Let $X$ be the set of all relations over $\mathbb N$. Let $R\in X$. Let $r(R)$ be the reflexive closure of some relation $R$. Accordingly, let $s(R)$ be the symmetric closure of $R$. I need to prove that $s(r(R))=r(s(R))$.
While this totally makes sense, I'm not sure how to formally prove this.
For any $(a,b)\in R$ such that $a\neq b$ we have that $r(R)=\{(a,b)\}\cup \{(a,a), (b,b)\}$. If $(a,a)\in R$ then $r(R)=R$. So essentially $r(R)$ is a union of all original pairs in $R$ plus their reflexive "counterparts". Applying $s$ onto $r(R)$ will add symmetric "counterparts" for all pairs $(a,b)$ such that $a\neq b$ while the pairs of type $(a,a)$ are already symmetric.
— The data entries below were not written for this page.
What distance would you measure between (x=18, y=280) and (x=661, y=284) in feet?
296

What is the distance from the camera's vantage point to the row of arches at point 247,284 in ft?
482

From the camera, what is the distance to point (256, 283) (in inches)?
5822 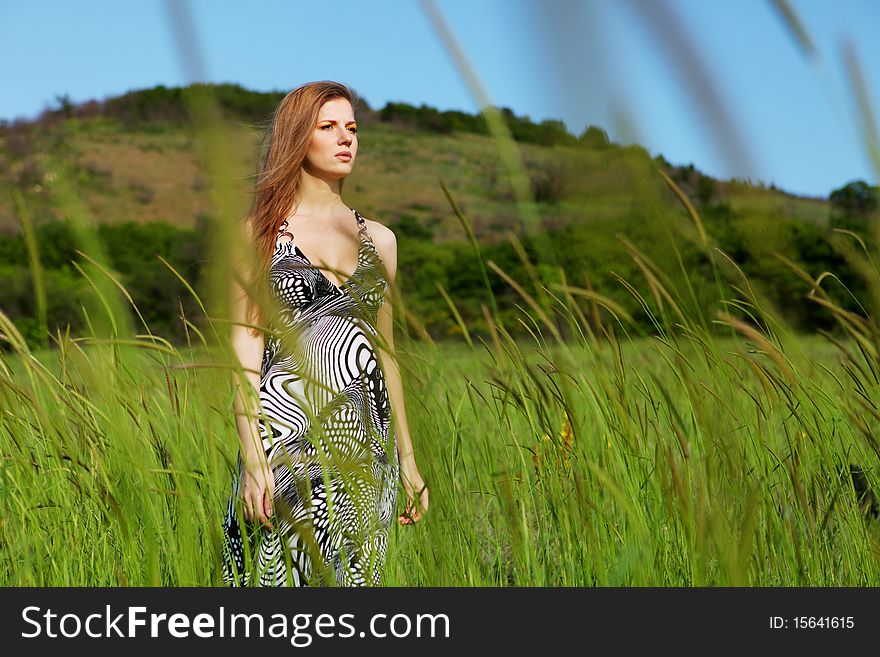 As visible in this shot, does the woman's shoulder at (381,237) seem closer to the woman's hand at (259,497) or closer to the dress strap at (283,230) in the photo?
the dress strap at (283,230)

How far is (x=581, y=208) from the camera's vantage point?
33cm

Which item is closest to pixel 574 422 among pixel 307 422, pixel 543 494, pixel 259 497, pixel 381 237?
pixel 543 494

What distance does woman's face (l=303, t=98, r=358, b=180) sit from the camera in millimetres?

So all pairs $(a,a)\in R$ are already symmetric and reflexive therefore applying $s$ and $r$ on them will just return the pairs themselves, while applying $r$ and $s$ on all pairs $(a,b)$ will result in the union of symmetric and reflexive pairs which is the same for $s(r(R))=r(s(R))$.
R' = { (a,b) : bRa }. sR = R $\cup$ R'. rR = R $\cup$ N×N.
rsR = sR $\cup$ N×N = R $\cup$ R' $\cup$ N×N.
srR = s(R $\cup$ N×N) = R $\cup$ N×N $\cup$ (R $\cup$ N×N)'
. . = R $\cup$ N×N $\cup$ R' $\cup$ N×N.